Exercise prompt
After locating the line that contains "Porta Direita Vw" in the records below, write out exactly that line and each line after it through the one that contains "-北京小肠陈饭庄(方庄店)", and nothing else.

Working data
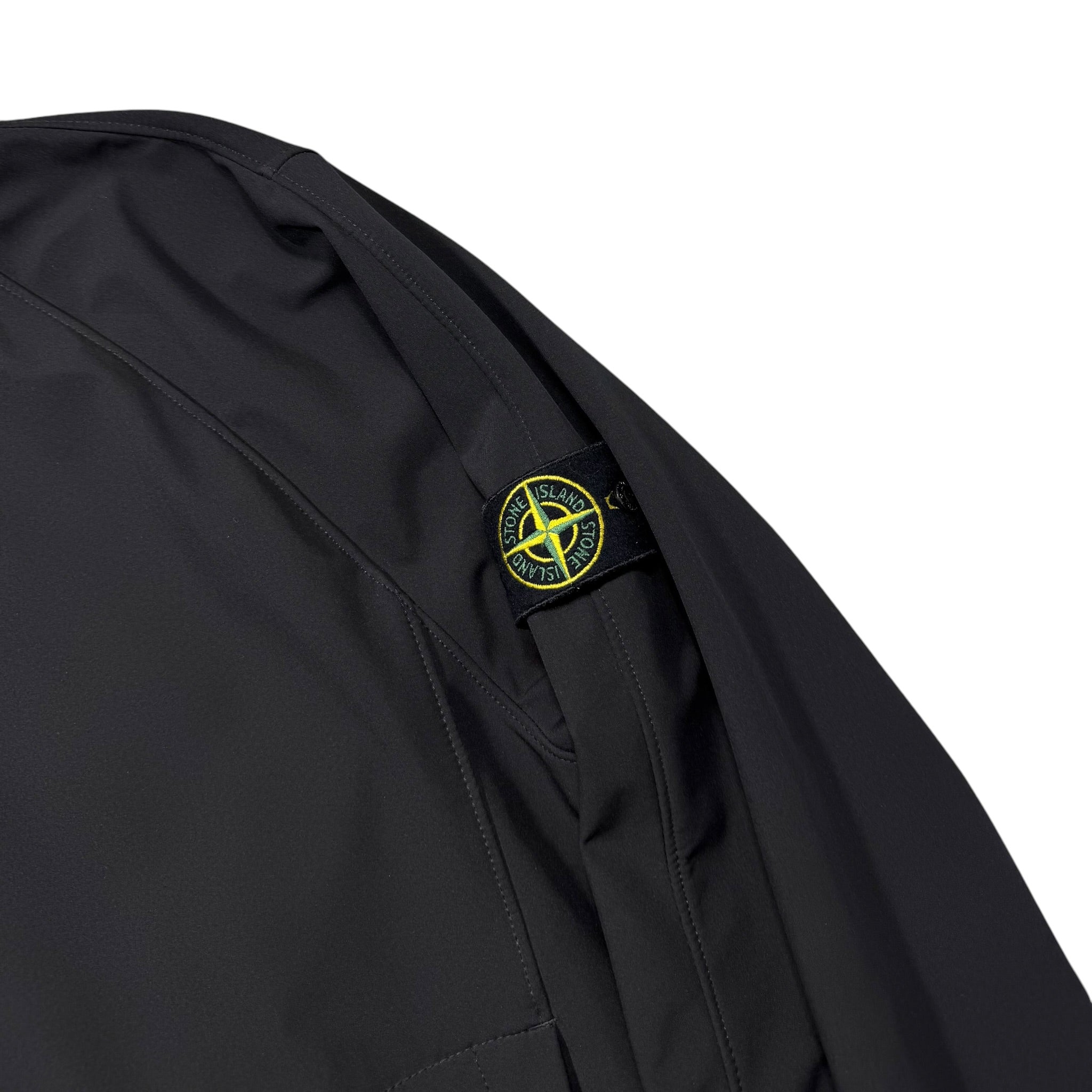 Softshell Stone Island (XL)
...
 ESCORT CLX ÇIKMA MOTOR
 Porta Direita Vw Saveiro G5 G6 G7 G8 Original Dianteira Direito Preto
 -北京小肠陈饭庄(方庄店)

Output below
 Porta Direita Vw Saveiro G5 G6 G7 G8 Original Dianteira Direito Preto
 -北京小肠陈饭庄(方庄店)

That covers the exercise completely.